Created attachment 1554651 [details] Invalid Machine Config Description of problem: We use a client to apply our machine configurations and verify that the configs have been successfully applied. During a recent install, we, unintentionally, applied an invalid configuration (missing ignition version), to a brand new cluster, and our client code eventually returned successfully. The specific configuration we were trying to apply is our ssh keys for access to the cluster nodes. When we were not able to access the cluster, as ourselves, we began to investigate why... The MCO only logged that the configuration we applied was invalid and silently moved on.
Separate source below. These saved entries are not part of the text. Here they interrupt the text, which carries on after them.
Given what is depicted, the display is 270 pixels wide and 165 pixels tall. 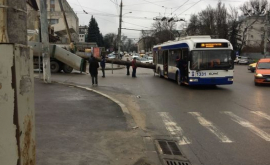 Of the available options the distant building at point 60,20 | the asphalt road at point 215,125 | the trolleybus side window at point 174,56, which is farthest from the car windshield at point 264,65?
the distant building at point 60,20

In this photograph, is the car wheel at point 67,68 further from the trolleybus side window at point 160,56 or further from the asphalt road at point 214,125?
the asphalt road at point 214,125

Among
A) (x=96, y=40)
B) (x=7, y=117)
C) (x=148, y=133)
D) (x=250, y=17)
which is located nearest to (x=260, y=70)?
(x=148, y=133)

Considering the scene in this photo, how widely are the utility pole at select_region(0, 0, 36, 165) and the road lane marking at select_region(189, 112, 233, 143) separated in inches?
196

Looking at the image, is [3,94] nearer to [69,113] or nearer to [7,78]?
[7,78]

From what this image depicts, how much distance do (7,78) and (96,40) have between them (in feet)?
347

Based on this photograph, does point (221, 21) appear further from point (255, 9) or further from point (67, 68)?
point (67, 68)

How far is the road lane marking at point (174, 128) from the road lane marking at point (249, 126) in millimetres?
1796

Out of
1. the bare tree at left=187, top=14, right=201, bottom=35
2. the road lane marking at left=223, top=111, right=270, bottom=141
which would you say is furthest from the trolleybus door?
the bare tree at left=187, top=14, right=201, bottom=35

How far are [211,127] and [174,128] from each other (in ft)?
3.21

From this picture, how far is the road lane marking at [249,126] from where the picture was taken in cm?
697

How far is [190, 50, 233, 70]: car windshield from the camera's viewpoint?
52.7 ft

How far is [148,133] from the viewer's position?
7.19m

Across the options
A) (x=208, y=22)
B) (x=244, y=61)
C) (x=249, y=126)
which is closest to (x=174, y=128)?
(x=249, y=126)

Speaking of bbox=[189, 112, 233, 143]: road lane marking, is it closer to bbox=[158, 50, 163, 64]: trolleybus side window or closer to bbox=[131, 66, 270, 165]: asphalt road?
bbox=[131, 66, 270, 165]: asphalt road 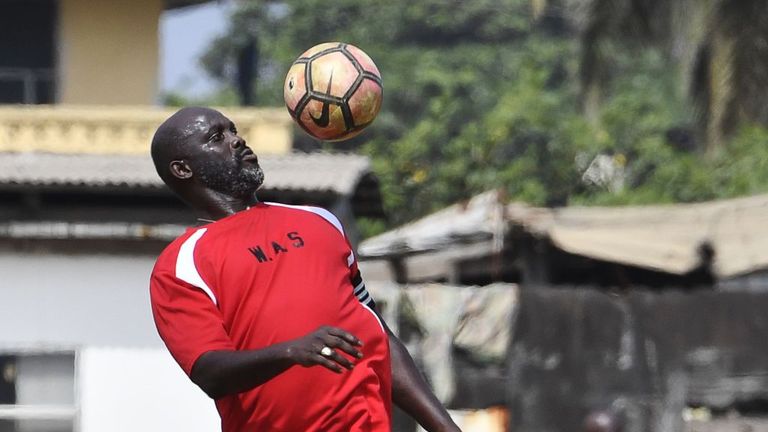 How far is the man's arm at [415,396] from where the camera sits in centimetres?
441

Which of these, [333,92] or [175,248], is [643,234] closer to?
[333,92]

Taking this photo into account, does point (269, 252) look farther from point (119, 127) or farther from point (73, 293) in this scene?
point (119, 127)

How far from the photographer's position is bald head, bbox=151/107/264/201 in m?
4.38

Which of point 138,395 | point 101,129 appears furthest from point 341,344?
point 101,129

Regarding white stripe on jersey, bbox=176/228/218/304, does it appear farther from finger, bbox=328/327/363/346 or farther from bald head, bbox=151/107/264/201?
finger, bbox=328/327/363/346

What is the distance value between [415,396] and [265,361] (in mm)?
638

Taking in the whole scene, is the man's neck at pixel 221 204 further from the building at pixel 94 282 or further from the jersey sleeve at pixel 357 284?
the building at pixel 94 282

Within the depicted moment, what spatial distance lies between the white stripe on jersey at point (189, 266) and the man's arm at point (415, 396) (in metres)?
0.51

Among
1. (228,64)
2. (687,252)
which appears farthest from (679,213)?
(228,64)

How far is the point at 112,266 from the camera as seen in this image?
12188 millimetres

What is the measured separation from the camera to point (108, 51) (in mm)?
16781

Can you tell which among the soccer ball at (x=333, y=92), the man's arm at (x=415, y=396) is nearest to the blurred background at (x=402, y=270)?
the soccer ball at (x=333, y=92)

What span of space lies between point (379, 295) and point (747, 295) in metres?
2.43

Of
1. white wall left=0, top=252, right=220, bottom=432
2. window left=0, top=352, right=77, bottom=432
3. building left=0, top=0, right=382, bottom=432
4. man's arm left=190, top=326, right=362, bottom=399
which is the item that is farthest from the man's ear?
window left=0, top=352, right=77, bottom=432
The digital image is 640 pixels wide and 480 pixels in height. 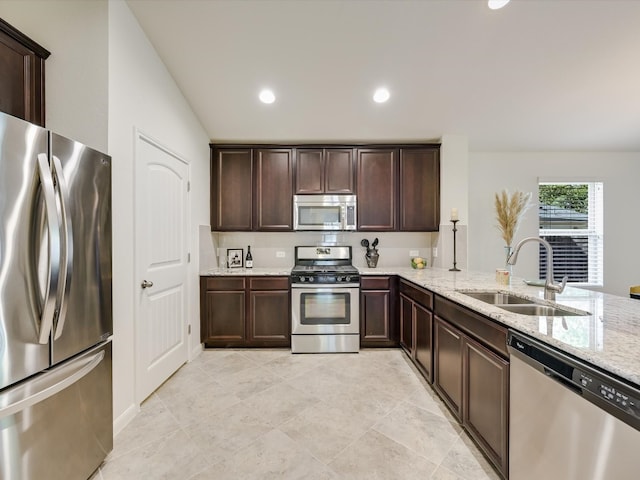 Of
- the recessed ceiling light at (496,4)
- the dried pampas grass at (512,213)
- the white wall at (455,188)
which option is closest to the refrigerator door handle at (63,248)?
the recessed ceiling light at (496,4)

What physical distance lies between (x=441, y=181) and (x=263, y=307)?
2.79 metres

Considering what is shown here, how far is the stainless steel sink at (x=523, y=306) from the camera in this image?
168 cm

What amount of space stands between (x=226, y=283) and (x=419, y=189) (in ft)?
9.03

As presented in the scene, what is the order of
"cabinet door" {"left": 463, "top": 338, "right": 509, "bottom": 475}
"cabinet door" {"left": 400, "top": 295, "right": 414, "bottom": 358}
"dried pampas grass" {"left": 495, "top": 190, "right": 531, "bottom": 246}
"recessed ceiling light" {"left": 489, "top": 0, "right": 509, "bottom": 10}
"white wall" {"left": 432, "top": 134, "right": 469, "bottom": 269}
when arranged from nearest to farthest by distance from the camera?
"cabinet door" {"left": 463, "top": 338, "right": 509, "bottom": 475}
"recessed ceiling light" {"left": 489, "top": 0, "right": 509, "bottom": 10}
"cabinet door" {"left": 400, "top": 295, "right": 414, "bottom": 358}
"dried pampas grass" {"left": 495, "top": 190, "right": 531, "bottom": 246}
"white wall" {"left": 432, "top": 134, "right": 469, "bottom": 269}

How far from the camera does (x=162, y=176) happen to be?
2514mm

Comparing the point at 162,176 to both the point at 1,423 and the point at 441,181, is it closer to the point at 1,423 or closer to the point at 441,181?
the point at 1,423

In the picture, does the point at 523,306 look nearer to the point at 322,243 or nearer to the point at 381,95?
the point at 381,95

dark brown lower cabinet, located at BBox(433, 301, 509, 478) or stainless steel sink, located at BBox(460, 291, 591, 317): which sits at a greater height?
stainless steel sink, located at BBox(460, 291, 591, 317)

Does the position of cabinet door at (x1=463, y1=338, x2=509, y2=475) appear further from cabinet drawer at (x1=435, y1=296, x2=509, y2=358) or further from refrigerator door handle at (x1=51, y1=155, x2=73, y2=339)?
refrigerator door handle at (x1=51, y1=155, x2=73, y2=339)

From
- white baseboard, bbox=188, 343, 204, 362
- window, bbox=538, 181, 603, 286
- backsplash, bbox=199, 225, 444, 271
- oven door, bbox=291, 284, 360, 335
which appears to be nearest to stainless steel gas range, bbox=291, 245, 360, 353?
oven door, bbox=291, 284, 360, 335

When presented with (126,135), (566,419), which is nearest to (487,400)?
(566,419)

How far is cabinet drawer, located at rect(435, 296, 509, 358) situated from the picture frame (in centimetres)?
263

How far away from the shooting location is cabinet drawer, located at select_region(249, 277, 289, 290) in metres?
3.37

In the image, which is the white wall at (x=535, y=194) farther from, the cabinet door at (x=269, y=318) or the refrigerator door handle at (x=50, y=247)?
the refrigerator door handle at (x=50, y=247) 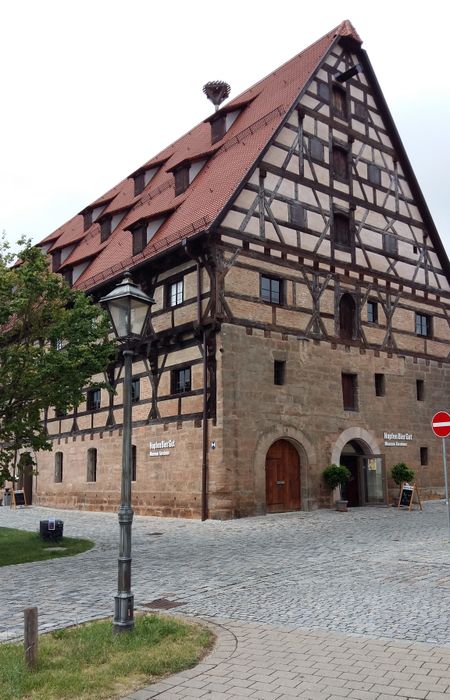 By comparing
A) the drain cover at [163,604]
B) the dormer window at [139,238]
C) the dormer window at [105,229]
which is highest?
the dormer window at [105,229]

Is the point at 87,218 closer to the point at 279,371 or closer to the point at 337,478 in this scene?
the point at 279,371

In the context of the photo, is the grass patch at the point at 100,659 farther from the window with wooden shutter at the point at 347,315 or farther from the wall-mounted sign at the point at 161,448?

Version-Release number of selected component (if applicable): Client Version: version.Info{Major:"4", Minor:"0+", GitVersion:"v4.0.22", GitCommit:"509916ce1", GitTreeState:"", BuildDate:"2019-03-28T17:17:29Z", GoVersion:"", Compiler:"", Platform:""} Server Version: version.Info{Major:"1", Minor:"12+", GitVersion:"v1.12.4+0ba401e", GitCommit:"0ba401e", GitTreeState:"clean", BuildDate:"2019-03-31T22:28:12Z", GoVersion:"go1.10.8", Compiler:"gc", Platform:"linux/amd64"} How reproducible: For "invalid config version", 100% Steps to Reproduce: 1. Create a v4.0 cluster 2. Apply a machine config that is missing the "ignition config version" field Actual results: The invalid configuration will be ignored by the operator daemon and the config will not be applied to the cluster. Expected results: These types of failures should be bubbled up to the "clusteroperators" status as "FAILING = True". This at least provides some indication that something went wrong and where to start looking for the problem. Additional info:
This BZ has 3.11 version? anyway, we don't need to set Failing=True in the clusteroperator, the operator, the MCO it's working just fine. MachineConfigs are a per-pool piece of the whole MCO and bad MCO shouldn't result in the whole operator going Failing. When you have a bad machineconfig, the first thing you should do is to always check: oc get machineconfigpools That will tell you if the pool is progressing towards a configuration that includes your machineconfig (and keep Updating if there's something wrong and you need to take action) Usually, for the exact reason, you should look at the per-node MCD (machine-config-daemon). Grabbing logs from the MCDs will tell you the error. We have a PR in flight which bubbles up the MCD error about a bad machineconfig to a node annotation for admins to check. (and will get better at that generally) bottom line is that we need to enhance how we report the errors on bad machineconfigs but not flip to Failing=True the whole operator. (also, removing the bad machineconfig will result in a reconcile to previous state which will fix things up)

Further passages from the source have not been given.